Your Voice Was Heard: Outcomes from the IFMO Community Engagement Sessions
After a busy and successful fall hosting eight community engagement sessions across the country, the Aboriginal Firefighters Association of Canada (AFAC) has released the Indigenous Fire Marshal Office (IFMO) Project Community Engagement Sessions Outcomes Report. These community sessions were an opportunity for community representatives to gather and share their voices to help bring about positive changes for Indigenous communities from coast to coast to coast. The sessions examined three topic areas:
- Governance Models
- Programs and Services
- Managing Expectations
In the lead-up to community engagement sessions, individual communities and organizations were contacted and a total of 288 participants attended the sessions. Representatives were from a diverse range of leadership roles, both formal and informal, and included adults of all ages.

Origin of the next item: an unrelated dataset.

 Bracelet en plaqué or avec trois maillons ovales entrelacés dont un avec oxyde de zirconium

What did we hear from participants?
It came as no surprise that the consensus was that the current provision of fire services for Indigenous communities is inadequate. However, participants were optimistic about the positive changes that the IFMO project is seeking to achieve.
As with any new project, there was some skepticism. Some participants were unsure how a new organization would fit with existing progress in their communities and were concerned that their own funding might be impacted.

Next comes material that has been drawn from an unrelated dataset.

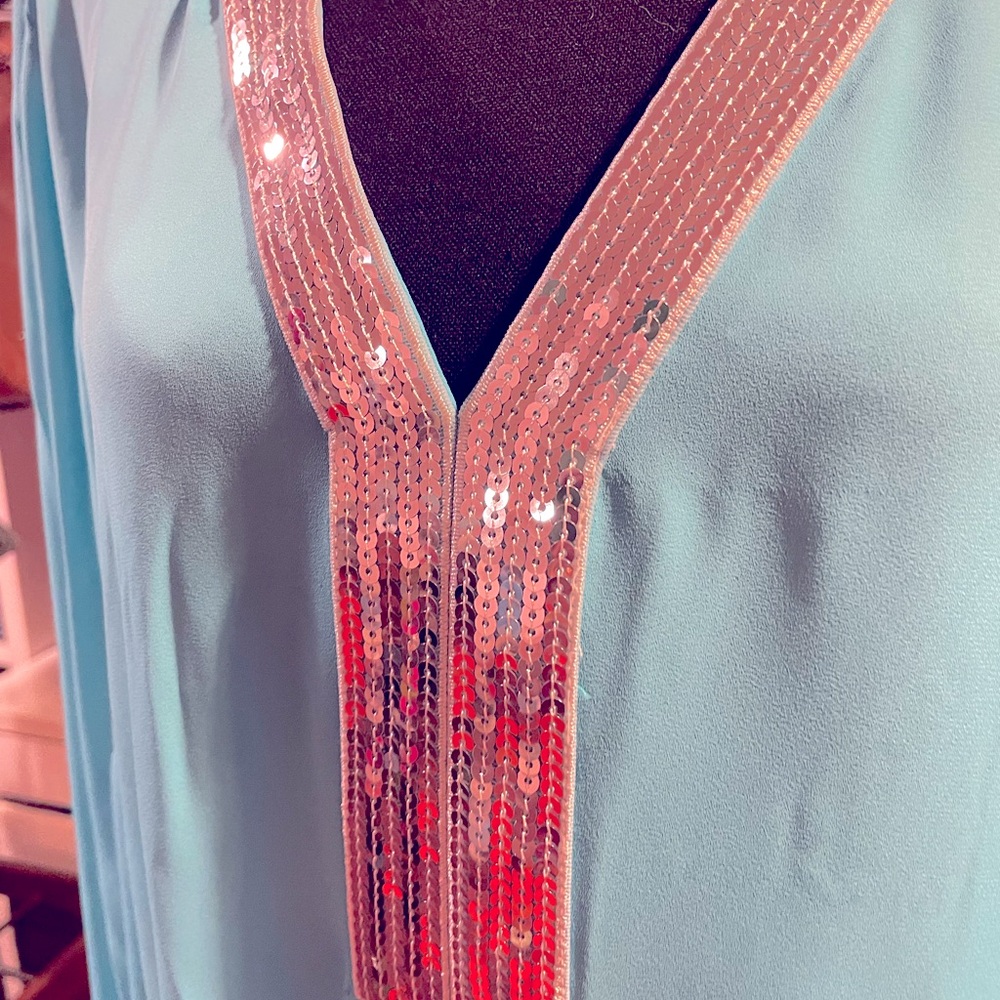 NWOT. Sheer blouse with rhinestone embellishment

The need to continue to create awareness and communicate with communities about the project was a recurring theme. Participants agreed that they have an important role to play in communicating the project to their communities and networks.

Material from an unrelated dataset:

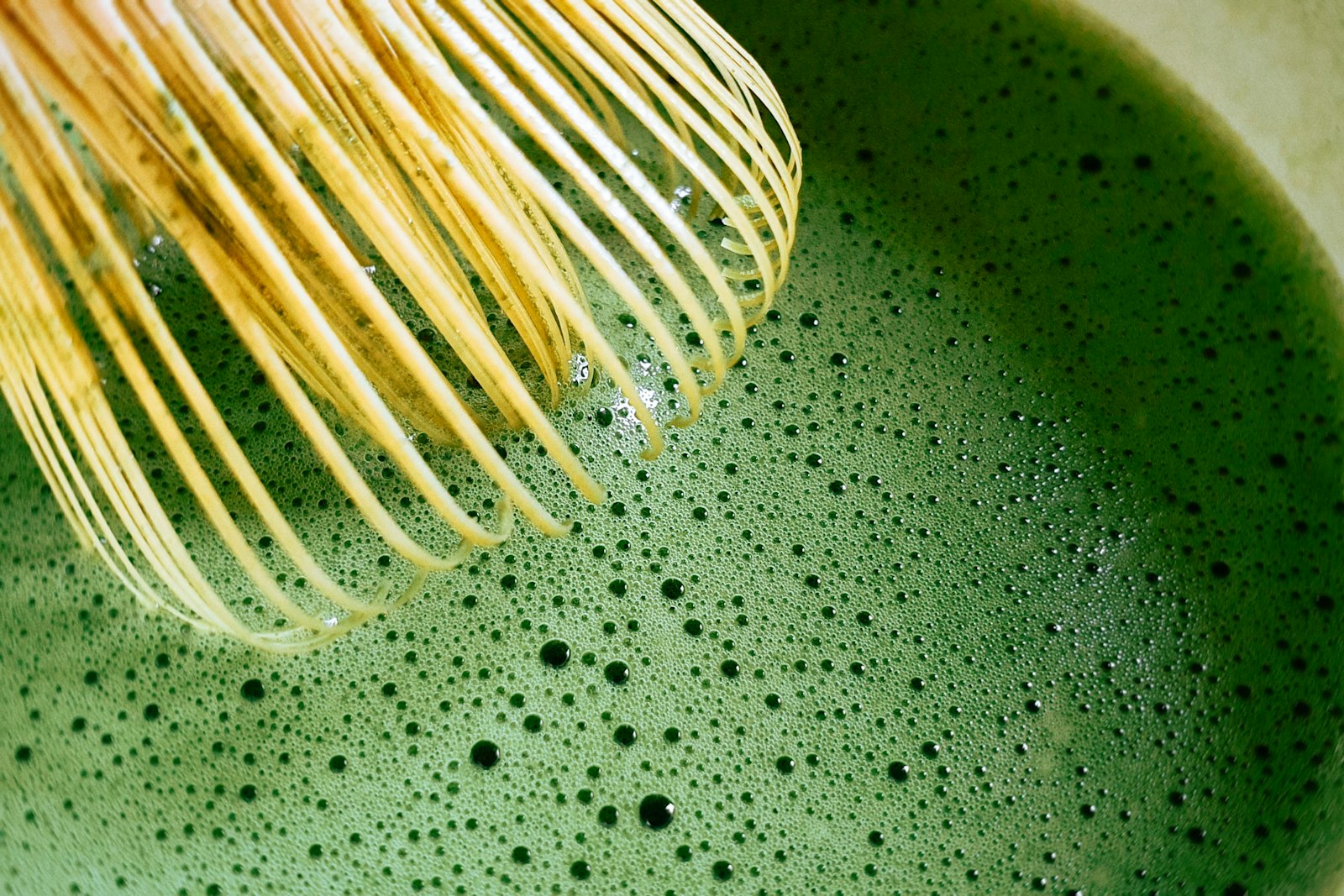 A bamboo whisk (chasen) frothing matcha in a bowl (chawan)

As an organization ‘for us, by us,’ participants feel that the IFMO should be non-political and representative of national diversity.
What’s next for the IFMO project?
One consistent message throughout the community engagement sessions was that the organization should create and begin delivering programs and services as soon as possible. AFAC is moving the IFMO project to the next phase with project activities in the following areas:
- Community Fire Safety Assessment: Evaluations of full community fire safety related resources and risks with the goal of developing a baseline in every community.
- Database Creation: Development of a tool that will capture fire incident data from Indigenous communities.
- Education: Reach school children, Elders, and women’s groups specifically to address the fire safety needs of the most vulnerable populations.